The fiber Bragg grating device of the present invention includes an optical fiber device including a fiber Bragg grating, a support member to which the optical fiber device is fixed, a housing for housing the optical fiber device and the support member, A thermo module that is sandwiched between an inner surface and the support member and performs at least one of heating and cooling of the optical fiber device in the housing, and a first temperature for detecting the temperature of the optical fiber device in the housing A temperature controller that controls heating or cooling by the thermo-module so that a temperature detected by the first temperature sensor is close to a set temperature, and a temperature controller that holds a set temperature and that is detected by the first temperature sensor; Has a coefficient of thermal expansion of 1.7 × 10 ⁻⁶ / K or less and a thermal conductivity. Is made of a material having a power of 190 W / (m · K) or more, and the support member and the casing are a composite material of silicon carbide ceramic and silicon .
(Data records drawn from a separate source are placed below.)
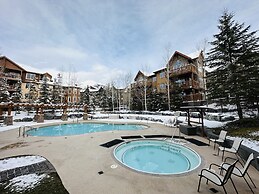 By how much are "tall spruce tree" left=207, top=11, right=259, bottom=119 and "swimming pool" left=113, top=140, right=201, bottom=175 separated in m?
5.35

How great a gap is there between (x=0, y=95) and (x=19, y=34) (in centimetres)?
1361

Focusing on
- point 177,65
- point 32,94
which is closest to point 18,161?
point 177,65

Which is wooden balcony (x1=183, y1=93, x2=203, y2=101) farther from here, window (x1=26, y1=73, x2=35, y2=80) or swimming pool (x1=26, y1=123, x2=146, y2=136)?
window (x1=26, y1=73, x2=35, y2=80)

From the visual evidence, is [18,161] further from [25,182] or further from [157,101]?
[157,101]

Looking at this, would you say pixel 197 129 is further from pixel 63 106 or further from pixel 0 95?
pixel 0 95

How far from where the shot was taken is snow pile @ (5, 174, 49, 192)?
3534mm

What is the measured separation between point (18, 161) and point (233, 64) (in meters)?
12.9

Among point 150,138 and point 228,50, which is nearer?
point 150,138

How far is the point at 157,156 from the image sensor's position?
22.0 feet

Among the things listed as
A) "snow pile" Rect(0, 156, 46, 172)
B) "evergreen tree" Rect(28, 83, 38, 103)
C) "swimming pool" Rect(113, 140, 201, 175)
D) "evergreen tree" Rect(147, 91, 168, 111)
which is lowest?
"swimming pool" Rect(113, 140, 201, 175)

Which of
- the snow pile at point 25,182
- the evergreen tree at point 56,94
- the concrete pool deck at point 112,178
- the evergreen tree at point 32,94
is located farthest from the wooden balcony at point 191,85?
the evergreen tree at point 32,94

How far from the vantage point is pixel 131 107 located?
2905 cm

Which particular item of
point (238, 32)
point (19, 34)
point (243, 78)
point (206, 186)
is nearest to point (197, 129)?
point (243, 78)

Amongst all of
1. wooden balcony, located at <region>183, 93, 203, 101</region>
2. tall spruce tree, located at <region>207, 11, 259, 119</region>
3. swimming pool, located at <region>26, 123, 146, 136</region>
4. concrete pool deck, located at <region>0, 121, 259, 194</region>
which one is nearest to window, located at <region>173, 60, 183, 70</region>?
wooden balcony, located at <region>183, 93, 203, 101</region> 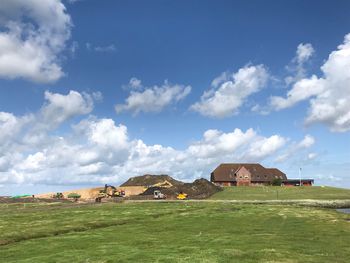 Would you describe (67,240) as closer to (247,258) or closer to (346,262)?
(247,258)

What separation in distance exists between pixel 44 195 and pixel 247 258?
6086 inches

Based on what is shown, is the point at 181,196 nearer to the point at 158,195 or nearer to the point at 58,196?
the point at 158,195

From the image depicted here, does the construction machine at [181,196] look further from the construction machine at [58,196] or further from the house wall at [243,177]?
the house wall at [243,177]

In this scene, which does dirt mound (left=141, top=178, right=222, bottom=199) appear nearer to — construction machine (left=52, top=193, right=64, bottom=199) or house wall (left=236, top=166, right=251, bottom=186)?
construction machine (left=52, top=193, right=64, bottom=199)

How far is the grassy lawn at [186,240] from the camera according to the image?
34344mm

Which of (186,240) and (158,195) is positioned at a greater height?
(158,195)

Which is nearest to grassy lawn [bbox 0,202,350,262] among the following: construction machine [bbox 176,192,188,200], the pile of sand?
construction machine [bbox 176,192,188,200]

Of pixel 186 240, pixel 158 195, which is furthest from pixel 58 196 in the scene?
pixel 186 240

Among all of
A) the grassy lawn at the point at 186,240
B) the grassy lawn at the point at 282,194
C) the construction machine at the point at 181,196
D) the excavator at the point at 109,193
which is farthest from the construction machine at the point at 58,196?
the grassy lawn at the point at 186,240

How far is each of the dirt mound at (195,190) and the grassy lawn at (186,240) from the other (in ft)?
233

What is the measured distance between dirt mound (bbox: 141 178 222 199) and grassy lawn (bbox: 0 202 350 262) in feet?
233

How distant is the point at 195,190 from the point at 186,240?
343ft

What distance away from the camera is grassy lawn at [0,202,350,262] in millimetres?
34344

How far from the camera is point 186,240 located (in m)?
43.9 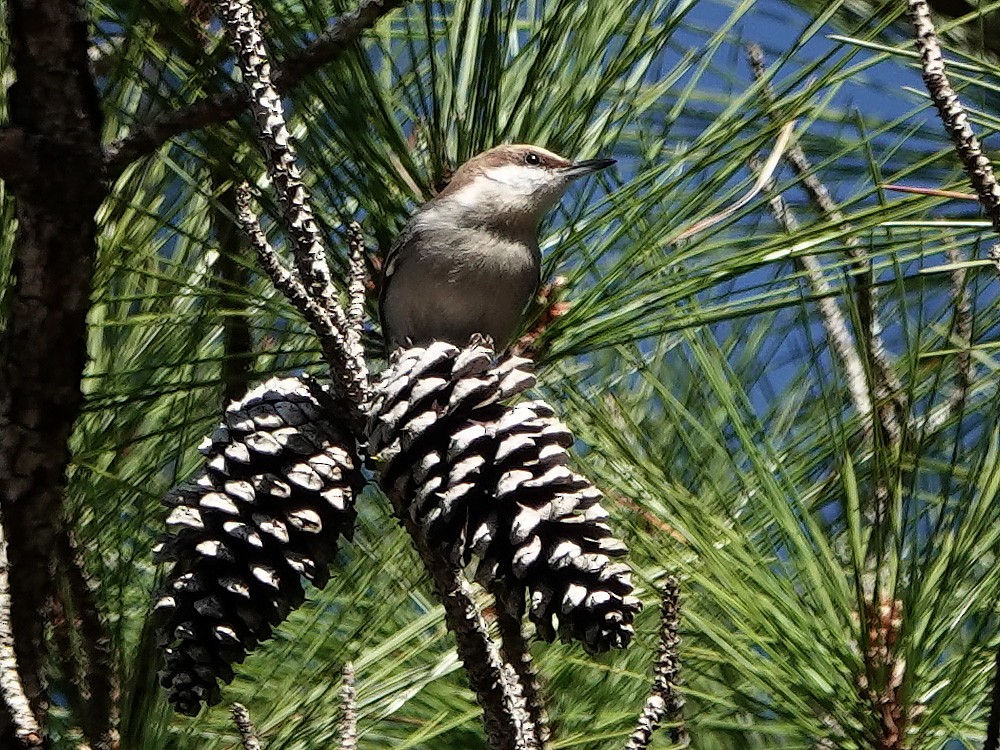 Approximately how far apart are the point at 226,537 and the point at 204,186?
3.07 feet

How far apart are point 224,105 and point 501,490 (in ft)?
1.62

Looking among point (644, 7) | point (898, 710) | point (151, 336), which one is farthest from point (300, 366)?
point (898, 710)

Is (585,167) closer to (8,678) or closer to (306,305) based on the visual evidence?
(306,305)

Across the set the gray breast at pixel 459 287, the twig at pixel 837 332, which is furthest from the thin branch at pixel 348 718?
the gray breast at pixel 459 287

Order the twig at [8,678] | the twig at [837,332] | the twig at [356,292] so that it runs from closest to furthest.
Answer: the twig at [8,678] → the twig at [356,292] → the twig at [837,332]

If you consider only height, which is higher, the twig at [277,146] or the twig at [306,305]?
A: the twig at [277,146]

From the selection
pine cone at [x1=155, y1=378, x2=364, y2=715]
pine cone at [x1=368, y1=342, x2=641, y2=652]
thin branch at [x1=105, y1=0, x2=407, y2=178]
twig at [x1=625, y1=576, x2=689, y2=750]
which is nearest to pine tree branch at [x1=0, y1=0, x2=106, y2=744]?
thin branch at [x1=105, y1=0, x2=407, y2=178]

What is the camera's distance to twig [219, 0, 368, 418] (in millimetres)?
1191

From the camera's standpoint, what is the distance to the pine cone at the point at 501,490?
1153 mm

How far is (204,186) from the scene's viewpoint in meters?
2.11

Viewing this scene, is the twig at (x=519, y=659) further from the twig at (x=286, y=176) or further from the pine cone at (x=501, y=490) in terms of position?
the twig at (x=286, y=176)

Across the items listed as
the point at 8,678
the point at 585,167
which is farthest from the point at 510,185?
the point at 8,678

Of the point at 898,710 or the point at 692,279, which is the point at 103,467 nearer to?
the point at 692,279

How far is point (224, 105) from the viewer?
1.39 m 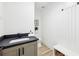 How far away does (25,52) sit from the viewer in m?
1.83

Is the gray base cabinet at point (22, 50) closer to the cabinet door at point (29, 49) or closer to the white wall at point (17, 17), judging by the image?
the cabinet door at point (29, 49)

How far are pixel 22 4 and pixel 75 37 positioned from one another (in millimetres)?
1648

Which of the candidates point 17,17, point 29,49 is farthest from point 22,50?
point 17,17

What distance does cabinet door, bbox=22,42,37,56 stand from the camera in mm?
1804

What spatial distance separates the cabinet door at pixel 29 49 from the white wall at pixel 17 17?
0.62 metres

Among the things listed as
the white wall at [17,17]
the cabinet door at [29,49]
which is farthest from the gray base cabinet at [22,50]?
the white wall at [17,17]

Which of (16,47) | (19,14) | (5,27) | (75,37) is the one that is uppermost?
(19,14)

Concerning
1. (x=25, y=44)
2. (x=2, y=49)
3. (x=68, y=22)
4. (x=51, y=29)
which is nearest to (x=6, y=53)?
(x=2, y=49)

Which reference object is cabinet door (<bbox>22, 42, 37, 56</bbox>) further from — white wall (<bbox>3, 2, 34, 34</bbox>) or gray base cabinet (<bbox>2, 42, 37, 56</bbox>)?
white wall (<bbox>3, 2, 34, 34</bbox>)

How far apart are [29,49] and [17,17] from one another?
943 millimetres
  According to the fiber Bragg grating device of the present invention, the characteristic change of the fiber Bragg grating due to the thermal expansion or contraction of the support member to which the fiber Bragg grating is fixed can be suppressed with a small number of parts, and the fiber Bragg grating can be suppressed. Since the reflection wavelength can be controlled only by the temperature, it is possible to simplify the configuration of the apparatus and improve the adjustment resolution of the reflection wavelength.

<1. Description of configuration>
FIG. 1 is a schematic configuration diagram of a fiber Bragg grating (FBG) device according to an embodiment of the present invention, and shows a cross-sectional structure of an FBG package 1. 2 is a cross-sectional view taken along line S ₂ -S ₂ of the FBG package 1 shown in FIG. The FBG device according to the embodiment of the present invention is, for example, an OCDM encoder module or an OCDM decoder module.

  As shown in FIG. 1, the FBG device according to the embodiment of the present invention includes an FBG package (that is, an OCDM encoder module package or an OCDM decoder module package) 1 and a temperature electrically connected to the FBG package 1. And a controller 2.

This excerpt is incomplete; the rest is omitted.